Sir Graham Balfour School is a coeducational secondary school and sixth form located in Stafford, England. It is named after Graham Balfour, son of the Victorian statistician, who became Director of Education in Staffordshire.

The original school was demolished in 2001, with the new school building being constructed and completed in 2002. It achieved specialist Maths and Computing School status from September 2006. The school converted to academy status in September 2016. As of June 2021, the school is building a new set of classrooms, behind the sports hall, which will soon be where modern foreign languages (French, Spanish and German) will be taught.

Sir Graham Balfour School also offers post-16 education.

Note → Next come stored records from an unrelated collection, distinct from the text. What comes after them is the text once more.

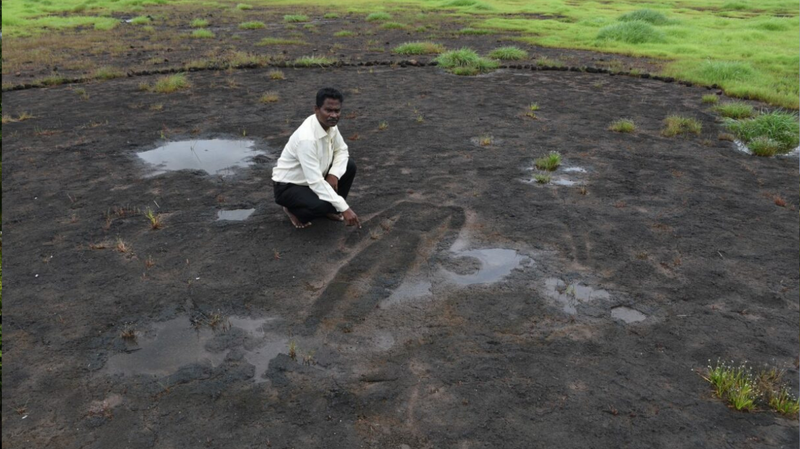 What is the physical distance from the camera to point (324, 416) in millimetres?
3670

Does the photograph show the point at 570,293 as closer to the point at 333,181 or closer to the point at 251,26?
the point at 333,181

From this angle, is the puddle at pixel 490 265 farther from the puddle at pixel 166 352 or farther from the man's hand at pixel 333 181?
the puddle at pixel 166 352

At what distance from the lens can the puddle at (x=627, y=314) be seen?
468 cm

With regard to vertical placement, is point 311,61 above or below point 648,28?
above

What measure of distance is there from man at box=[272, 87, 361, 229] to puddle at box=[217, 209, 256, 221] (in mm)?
533

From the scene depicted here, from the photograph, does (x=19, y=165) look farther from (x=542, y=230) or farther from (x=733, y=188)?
(x=733, y=188)

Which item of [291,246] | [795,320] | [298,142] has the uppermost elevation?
[298,142]

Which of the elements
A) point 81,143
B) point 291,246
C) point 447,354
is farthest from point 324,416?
point 81,143

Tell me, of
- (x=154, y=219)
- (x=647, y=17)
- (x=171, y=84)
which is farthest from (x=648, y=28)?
(x=154, y=219)

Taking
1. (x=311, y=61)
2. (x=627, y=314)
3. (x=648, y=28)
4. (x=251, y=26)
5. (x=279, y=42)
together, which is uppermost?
(x=251, y=26)

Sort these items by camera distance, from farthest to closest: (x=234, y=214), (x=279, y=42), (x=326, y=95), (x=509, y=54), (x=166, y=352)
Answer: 1. (x=279, y=42)
2. (x=509, y=54)
3. (x=234, y=214)
4. (x=326, y=95)
5. (x=166, y=352)

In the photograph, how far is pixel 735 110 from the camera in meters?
10.4

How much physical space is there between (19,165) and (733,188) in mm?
10182

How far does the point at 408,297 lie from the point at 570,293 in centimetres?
148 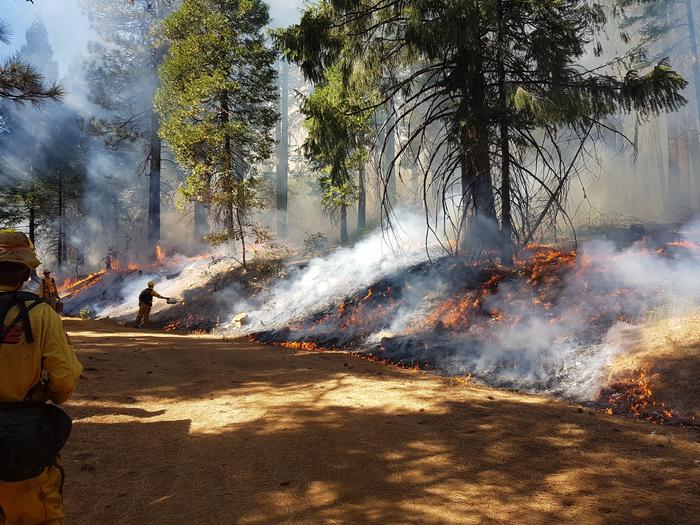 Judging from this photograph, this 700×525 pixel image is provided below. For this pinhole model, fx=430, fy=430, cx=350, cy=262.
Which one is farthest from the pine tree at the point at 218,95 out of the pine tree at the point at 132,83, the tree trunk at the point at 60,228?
the tree trunk at the point at 60,228

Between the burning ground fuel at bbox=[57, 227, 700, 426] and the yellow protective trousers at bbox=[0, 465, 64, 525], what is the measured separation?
636cm

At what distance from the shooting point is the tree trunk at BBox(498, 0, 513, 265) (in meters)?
10.1

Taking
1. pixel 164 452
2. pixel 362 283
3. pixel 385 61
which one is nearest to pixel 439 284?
pixel 362 283

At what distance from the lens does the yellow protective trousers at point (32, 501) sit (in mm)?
2221

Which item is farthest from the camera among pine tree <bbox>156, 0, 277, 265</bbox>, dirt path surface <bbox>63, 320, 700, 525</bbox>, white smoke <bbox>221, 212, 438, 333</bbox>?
pine tree <bbox>156, 0, 277, 265</bbox>

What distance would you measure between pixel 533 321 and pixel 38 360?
8.66 metres

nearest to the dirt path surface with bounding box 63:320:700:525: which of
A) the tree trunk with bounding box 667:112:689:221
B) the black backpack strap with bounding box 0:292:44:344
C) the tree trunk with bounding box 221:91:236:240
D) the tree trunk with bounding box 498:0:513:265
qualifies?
the black backpack strap with bounding box 0:292:44:344

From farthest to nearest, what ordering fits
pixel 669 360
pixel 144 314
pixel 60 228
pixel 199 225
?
pixel 60 228
pixel 199 225
pixel 144 314
pixel 669 360

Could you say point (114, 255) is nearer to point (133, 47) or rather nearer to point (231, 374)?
point (133, 47)

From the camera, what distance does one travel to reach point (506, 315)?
9.62m

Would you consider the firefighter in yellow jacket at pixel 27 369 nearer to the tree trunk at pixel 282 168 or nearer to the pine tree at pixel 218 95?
the pine tree at pixel 218 95

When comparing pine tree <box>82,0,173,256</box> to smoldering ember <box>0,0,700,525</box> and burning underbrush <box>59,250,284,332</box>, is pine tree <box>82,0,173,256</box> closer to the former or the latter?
burning underbrush <box>59,250,284,332</box>

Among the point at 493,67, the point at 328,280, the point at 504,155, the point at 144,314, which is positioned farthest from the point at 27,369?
the point at 144,314

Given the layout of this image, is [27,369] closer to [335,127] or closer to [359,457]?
[359,457]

The sixth form is an integral part of the Stafford Collegiate which involves all Stafford High Schools and Stafford College.

On 22 July 2016 David Wright retired as Head Teacher and Lesley Beck took over. In July 2022, Lesley Beck became CEO of the Trust and Matthew Mason took over.

==Controversy==
In May 2005, then-headteacher David Hill banned charity wristbands due to uniform regulations. This resulted in some students protesting on the school tennis grounds. Police were called after students began leaving the school grounds. Hill later retracted the ban on the bands.